Only one portion of the data is to be written out: from the line bearing "Tania trying on" through the line bearing "istock Tired female". Write it exactly as it appears.
*** INFORMATION SUPPLIED Section Begins ***
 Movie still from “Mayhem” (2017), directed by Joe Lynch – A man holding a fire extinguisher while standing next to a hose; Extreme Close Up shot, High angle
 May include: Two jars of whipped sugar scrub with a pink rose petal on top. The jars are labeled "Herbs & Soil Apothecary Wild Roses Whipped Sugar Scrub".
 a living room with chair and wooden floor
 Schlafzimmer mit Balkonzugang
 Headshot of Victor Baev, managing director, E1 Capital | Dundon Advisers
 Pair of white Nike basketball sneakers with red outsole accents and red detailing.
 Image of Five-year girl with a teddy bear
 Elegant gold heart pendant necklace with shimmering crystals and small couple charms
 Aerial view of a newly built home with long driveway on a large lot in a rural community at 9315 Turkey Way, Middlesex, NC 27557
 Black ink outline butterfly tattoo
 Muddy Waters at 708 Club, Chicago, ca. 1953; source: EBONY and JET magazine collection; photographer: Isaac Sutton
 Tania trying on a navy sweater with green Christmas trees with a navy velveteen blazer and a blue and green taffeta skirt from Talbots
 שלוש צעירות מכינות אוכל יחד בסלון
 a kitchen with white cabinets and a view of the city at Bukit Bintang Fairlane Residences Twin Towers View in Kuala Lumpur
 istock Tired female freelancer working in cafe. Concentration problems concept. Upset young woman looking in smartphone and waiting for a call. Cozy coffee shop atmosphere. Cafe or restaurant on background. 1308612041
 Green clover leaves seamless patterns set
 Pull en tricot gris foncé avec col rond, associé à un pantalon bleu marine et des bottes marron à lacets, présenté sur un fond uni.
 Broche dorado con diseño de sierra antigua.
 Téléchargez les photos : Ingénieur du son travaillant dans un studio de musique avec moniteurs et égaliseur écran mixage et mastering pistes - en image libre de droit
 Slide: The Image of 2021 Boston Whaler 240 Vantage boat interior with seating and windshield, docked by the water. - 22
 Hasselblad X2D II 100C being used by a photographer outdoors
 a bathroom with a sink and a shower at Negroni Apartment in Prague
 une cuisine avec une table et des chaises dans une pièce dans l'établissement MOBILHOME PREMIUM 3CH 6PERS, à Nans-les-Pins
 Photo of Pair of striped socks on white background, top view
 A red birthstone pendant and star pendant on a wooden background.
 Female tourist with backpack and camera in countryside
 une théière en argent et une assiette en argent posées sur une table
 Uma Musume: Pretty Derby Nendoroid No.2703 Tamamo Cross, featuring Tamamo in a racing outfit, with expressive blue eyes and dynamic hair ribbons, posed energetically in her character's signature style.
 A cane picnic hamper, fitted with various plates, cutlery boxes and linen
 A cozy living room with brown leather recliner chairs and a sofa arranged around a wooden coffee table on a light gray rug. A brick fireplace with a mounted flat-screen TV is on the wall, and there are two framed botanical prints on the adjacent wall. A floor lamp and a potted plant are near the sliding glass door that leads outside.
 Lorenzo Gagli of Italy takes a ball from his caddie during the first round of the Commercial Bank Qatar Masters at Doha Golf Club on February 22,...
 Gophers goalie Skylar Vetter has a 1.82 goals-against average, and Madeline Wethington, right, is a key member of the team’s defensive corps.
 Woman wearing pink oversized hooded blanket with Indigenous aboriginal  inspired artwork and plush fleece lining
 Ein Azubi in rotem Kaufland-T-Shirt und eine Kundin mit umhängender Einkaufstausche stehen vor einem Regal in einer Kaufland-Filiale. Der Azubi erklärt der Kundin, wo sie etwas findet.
*** INFORMATION SUPPLIED Section Ends ***
- OUTPUT OF THE EXERCISE:
 Tania trying on a navy sweater with green Christmas trees with a navy velveteen blazer and a blue and green taffeta skirt from Talbots
 שלוש צעירות מכינות אוכל יחד בסלון
 a kitchen with white cabinets and a view of the city at Bukit Bintang Fairlane Residences Twin Towers View in Kuala Lumpur
 istock Tired female freelancer working in cafe. Concentration problems concept. Upset young woman looking in smartphone and waiting for a call. Cozy coffee shop atmosphere. Cafe or restaurant on background. 1308612041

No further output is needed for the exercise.